▶ [Task description]:
Repeat the data that follows in full. Do not include the pictures.

___ Input ___

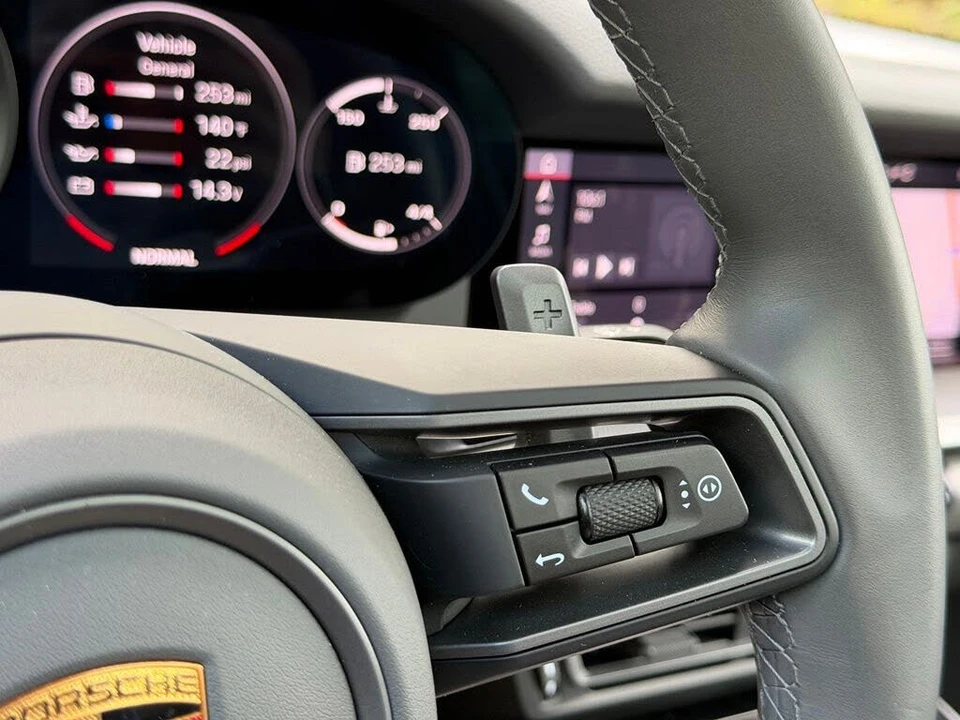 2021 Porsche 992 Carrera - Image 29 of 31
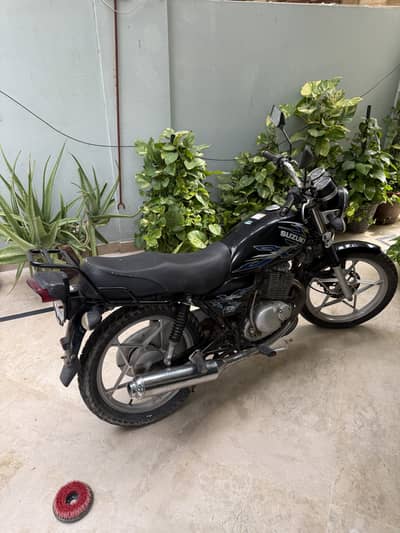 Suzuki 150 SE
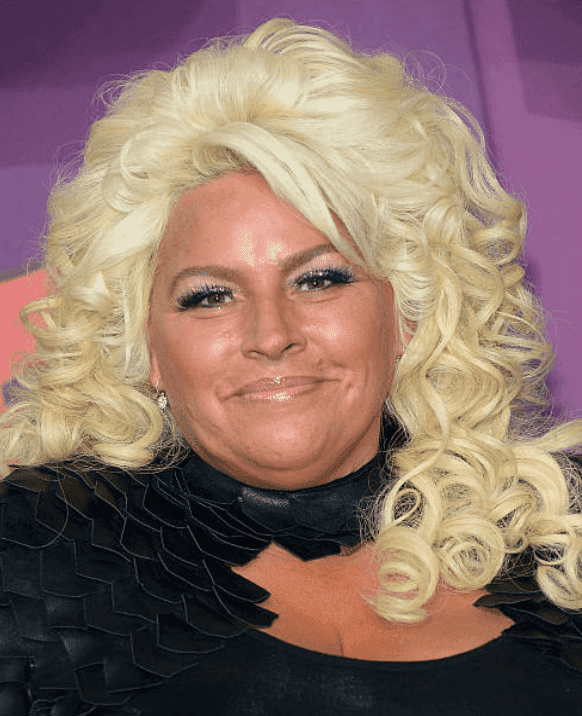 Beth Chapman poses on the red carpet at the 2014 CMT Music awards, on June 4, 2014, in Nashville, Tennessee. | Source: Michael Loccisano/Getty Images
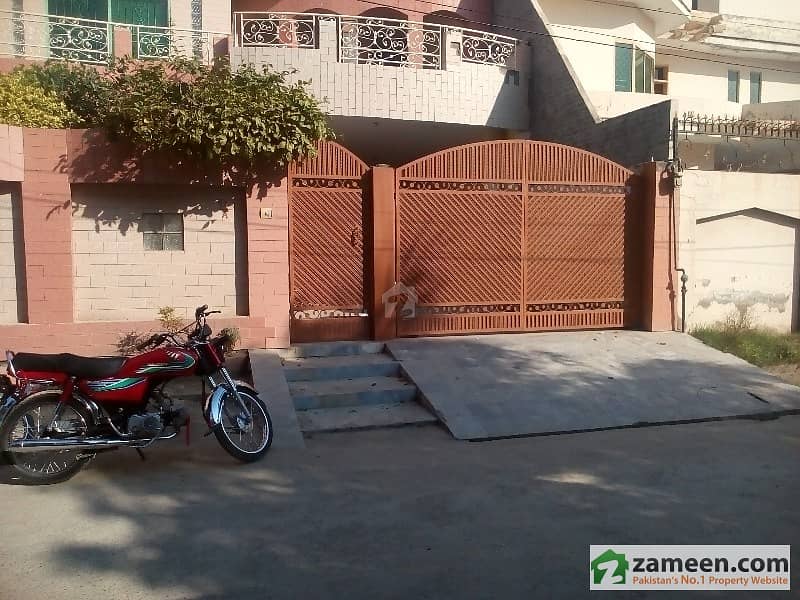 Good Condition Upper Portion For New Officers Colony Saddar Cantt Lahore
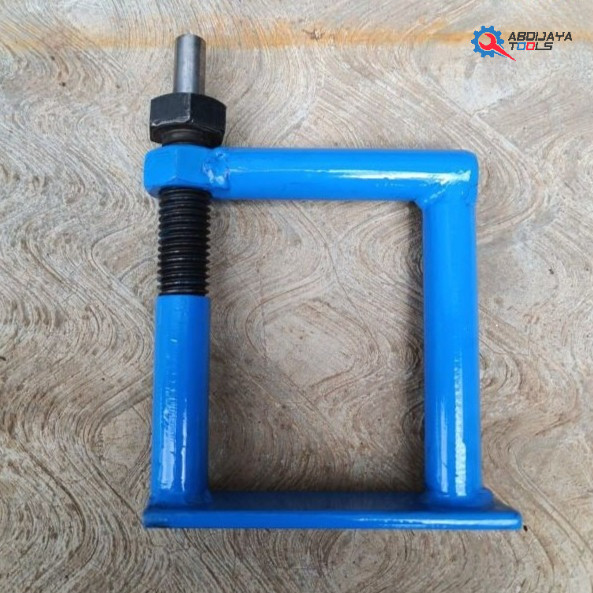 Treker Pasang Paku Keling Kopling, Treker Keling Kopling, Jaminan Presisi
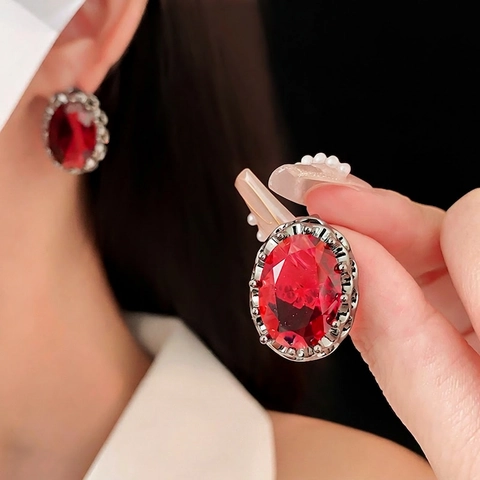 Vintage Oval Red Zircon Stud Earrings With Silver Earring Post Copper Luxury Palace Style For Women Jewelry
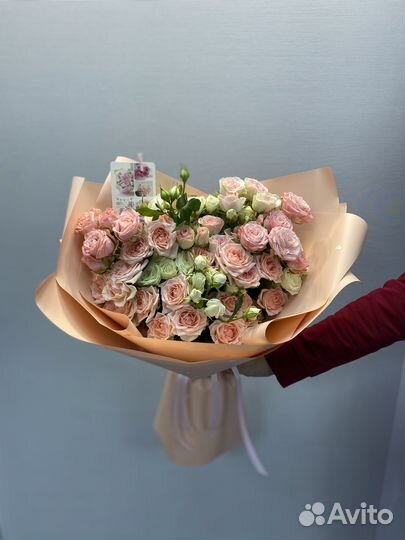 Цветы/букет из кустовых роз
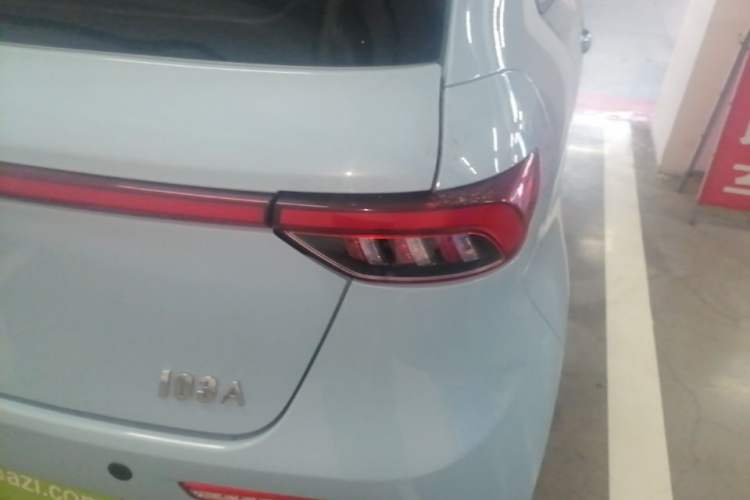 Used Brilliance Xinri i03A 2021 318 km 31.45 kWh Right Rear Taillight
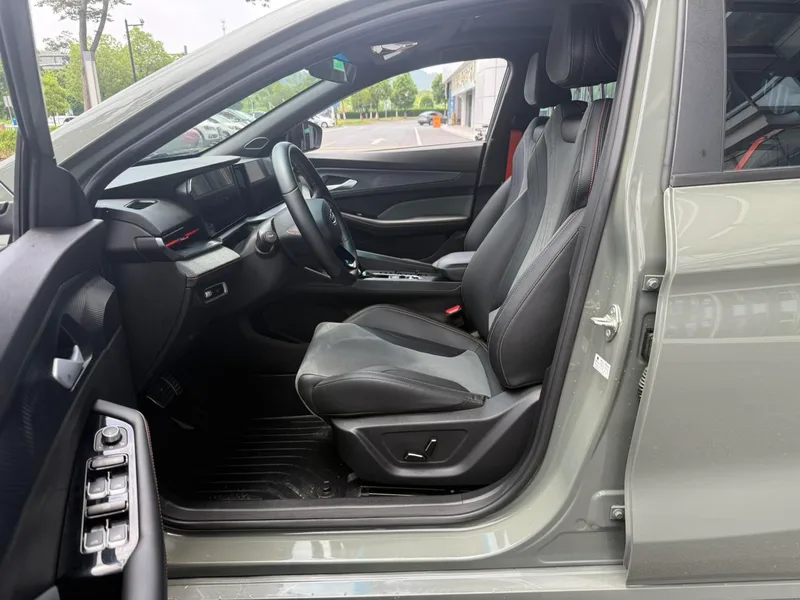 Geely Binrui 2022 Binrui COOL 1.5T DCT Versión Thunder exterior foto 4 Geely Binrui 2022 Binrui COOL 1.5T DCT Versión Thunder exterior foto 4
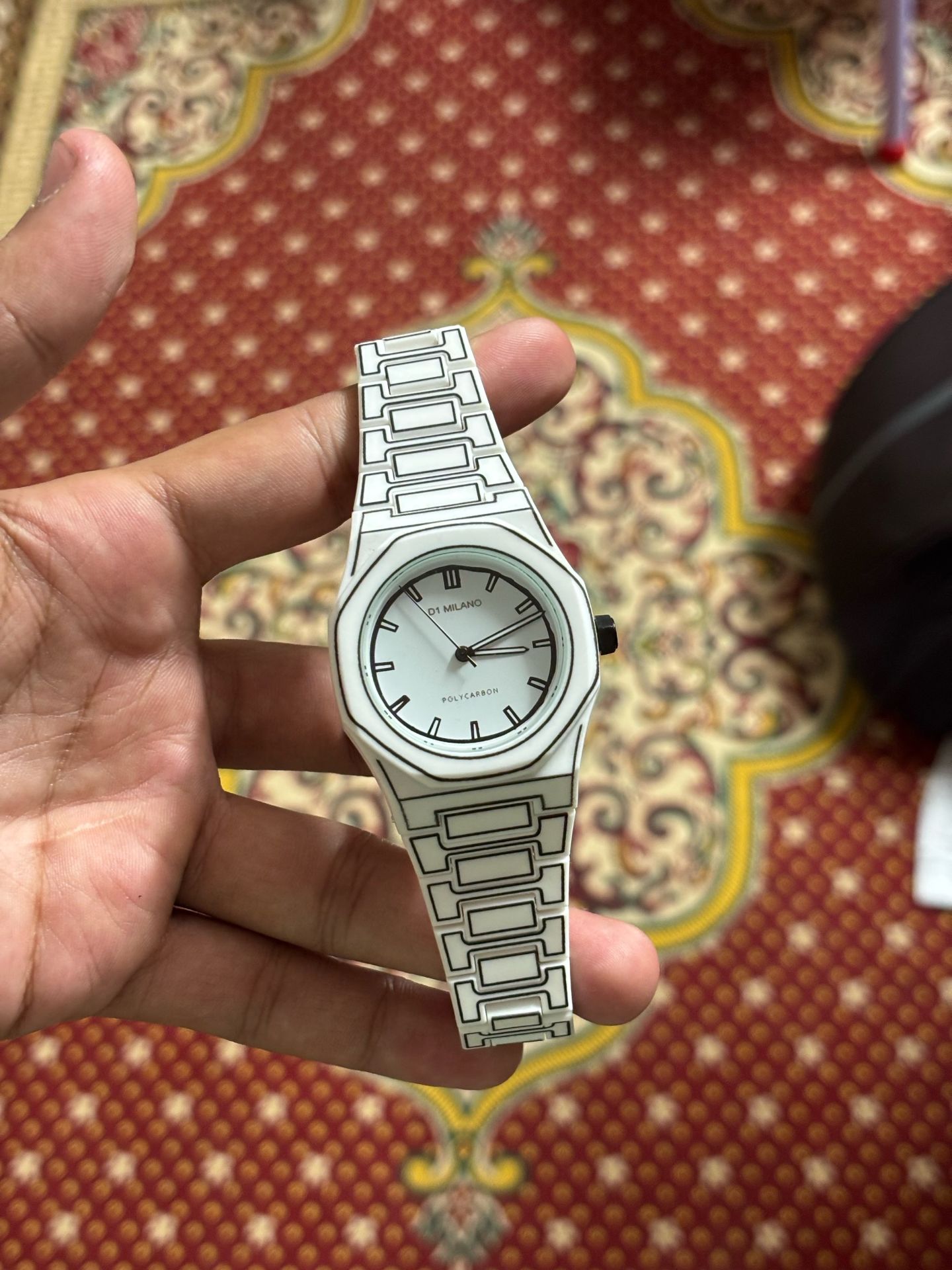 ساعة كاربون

___

▶ [Reply to the task]:
 2021 Porsche 992 Carrera - Image 29 of 31
 Suzuki 150 SE
 Beth Chapman poses on the red carpet at the 2014 CMT Music awards, on June 4, 2014, in Nashville, Tennessee. | Source: Michael Loccisano/Getty Images
 Good Condition Upper Portion For New Officers Colony Saddar Cantt Lahore
 Treker Pasang Paku Keling Kopling, Treker Keling Kopling, Jaminan Presisi
 Vintage Oval Red Zircon Stud Earrings With Silver Earring Post Copper Luxury Palace Style For Women Jewelry
 Цветы/букет из кустовых роз
 Used Brilliance Xinri i03A 2021 318 km 31.45 kWh Right Rear Taillight
 Geely Binrui 2022 Binrui COOL 1.5T DCT Versión Thunder exterior foto 4 Geely Binrui 2022 Binrui COOL 1.5T DCT Versión Thunder exterior foto 4
 ساعة كاربون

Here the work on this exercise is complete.